Following are portions of the quotes from Dr. Julie Hanks and a reasoned rebuttal.
Dr. Julie Hanks: “For the rest of the world, for most communities, this (pornography) isn’t even a problem.
Rebuttal: First, viewing pornography is more than a community problem; it is a problem worldwide. For sex offender therapists, there is an international organization: ATSA, the Association for the Prevention and Treatment of Sexual Abuse which has members from 20 countries. Second, the fact is often ignored that the women and men in the porn industry are or have been victimized which has led them into that industry.
Dr. Julie Hanks: “It’s a problem because we say it’s a problem. But there are plenty of relationships where it’s not a thing, one or both partners look at porn, and they look at it together.”
Rebuttal: How is it a problem? When a person participates in addictive behavior, how and when do they find the time and make the effort to increase the emotional, mental, and spiritual connection? How does objectifying and sexualizing others strengthen your relationship? Whose face or features do you see or imagine when you are together? How does that draw you closer together?
Dr. Julie Hanks: “And so I think reducing the shame and kind of normalizing like, look, this is pretty common this doesn’t mean anything about you as a human being.”
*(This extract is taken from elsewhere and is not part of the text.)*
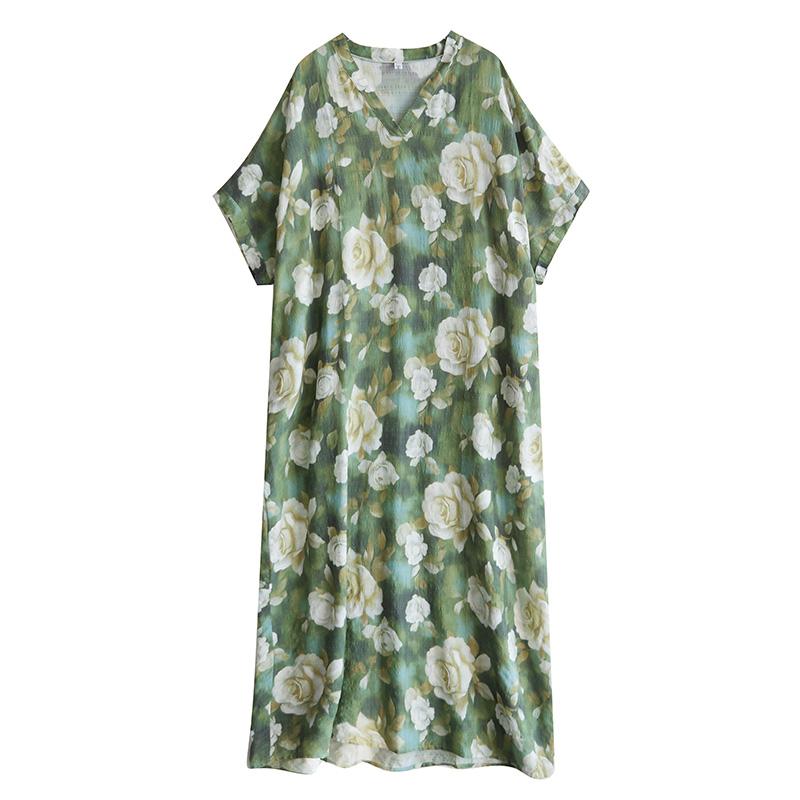 DIMANAF Plus Size 2025 Summer Dress V-Neck Women Casual Vintage Flower Dress Basic Printing Long Loose Dress Maxi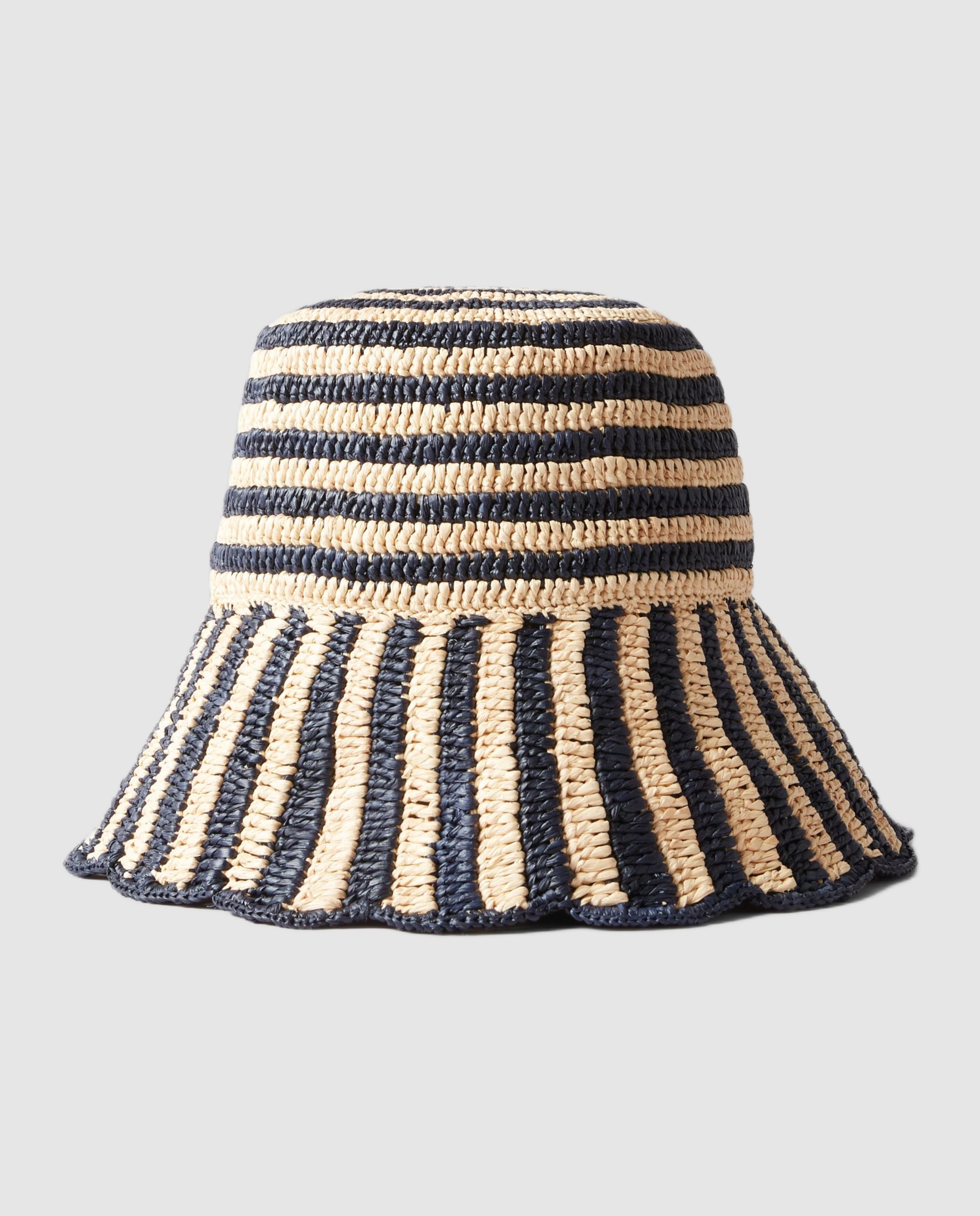 Imagen 0 de Sombrero de mujer de rafia de ala ancha trenzado bicolor Multicolor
Rebuttal: It is important to let go of shame. It is also important to embrace “Good guilt” or “Remorse” as a genuine feeling of regret that leads to change. As human beings, we have the ability to change. “Bad guilt” or “Shame” sends a message that we are stuck, there is no hope, we cannot change. That is false! There is always hope! For many years, people said that addiction becomes wired into the brain and addicts are stuck forever. More recent research using MRIs shows that our brains have the ability to form new connections and pathways and change how its circuits are wired. This is known as neuroplasticity.
Dr. Julie Hanks: “For some people, their goal is abstinence, like, “I never will do this again.” I don’t think that’s realistic. You have to define between the two of you what is full recovery; what does that even look like?”
Rebuttal: Abstinence is realistic. In recovery from addiction, abstinence is expected and achieved. It is often said that relapse is part of recovery, but full recovery, total abstinence, is possible. If abstinence is not the true goal, then how comfortable would the two of you be if there was no abstinence with alcohol … a drink now and then would be okay? How about occasionally using drugs? Or gambling? Or having sex with others? “Full recovery” is possible and realistic for all addictions including for those who struggle with pornography. People learn to recognize the triggers and the underlying issues that lead to addictive behavior. Then they use their personal power to choose a healthy alternative behavior.
In conclusion, viewing pornography is a problem for so many reasons, but fundamentally because it dehumanizes people and uses them as objects for self-gratification. Overcoming pornography helps us view others, including ourselves, as people with individual worth. From a spiritual perspective, we see ourselves and others as brothers and sisters, sons and daughters of our Heavenly Parents. And that makes all the difference in developing and maintaining healthy and eternal relationships.